Starovoitova speaking during an interview with The Moscow Times in 1992. Mikhail Metzel

The Federal Security Service said Monday that it has reopened an investigation into the 1998 murder of State Duma Deputy Galina Starovoitova after new evidence surfaced, offering new hope that justice might finally be served in the high-profile case.

The investigation, which was suspended in April 2008, was reopened on Aug. 25 because the FSB received new evidence, said a spokeswoman for the FSB’s branch in St. Petersburg.

The spokeswoman refused to elaborate.

Starovoitova, 52, was shot dead near the door of her St. Petersburg apartment on Nov. 20, 1998.

Her assistant, Ruslan Linkov, who was injured in the attack, linked the decision to reopen the investigation to an appeal that he and Starovoitova’s sister, Olga, sent to President Dmitry Medvedev in July.

The appeal followed the June arrest of former Duma Deputy Mikhail Glushchenko in St. Petersburg on suspicion of organizing the killing of three Russian citizens in Cyprus. Glushchenko’s name had surfaced in the Starovoitova case earlier, with a witness testifying in court in 2004 that he had helped organize the killing of the influential liberal lawmaker.

Earlier in 2004, Linkov, Starovoitova’s assistant, identified Glushchenko as the possible mastermind.

Glushchenko worked with Starovoitova, a member of the Democratic Russia party, in the Duma, but he denies ever meeting her outside the chamber, his lawyer Yury Khabarov said Monday.

Khabarov also suggested that the new FSB evidence had nothing to do with his client, saying the FSB had previously interviewed him as a witness — not a suspect — in the case. “The FSB took no other interest in him,” Khabarov said, Interfax reported.

The new FSB evidence might not be so new, said Andrei Soldatov, who tracks the security services with the Agentura think tank.

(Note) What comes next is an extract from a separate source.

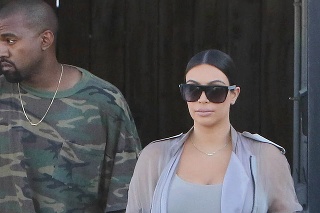 Teotná Kim Kardashian s manželom Kanye Westom.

“They clearly have something in the case if they resumed the investigation,” he said. “The more important question is how long they have known it.”

Glushchenko served in the Duma with the Liberal Democratic Party from 1995 to 1999. He is suspected of organizing the murder of businessman Yury Zorin, translator Viktoria Tretyakova and fellow former LDPR Deputy Vyacheslav Shevchenko at a Cyprus villa in March 2004, the Investigative Committee said.

Six suspects were arrested in St. Petersburg in connection with Starovoitova’s murder in the fall of 2002. Four of them, including organizer Yury Kolchin and triggerman Vitaly Akishin, were later convicted, while the other two were freed. Several other suspects have been put on a wanted list, while the names of those who ordered the killing have never been made public.

The FSB spokeswoman said the hunt for the suspects had continued even though the investigation had been suspended.

Linkov said Monday that he hoped that the renewed inquiry would result in convictions. “The investigating team has been formed once again, and it has been joined by investigators who previously took part in the inquiry of this crime and know the case thoroughly,” he said on his LiveJournal blog. “Now we will wait for the outcome. I hope to see the middlemen and masterminds of this terrorist attack in court soon.”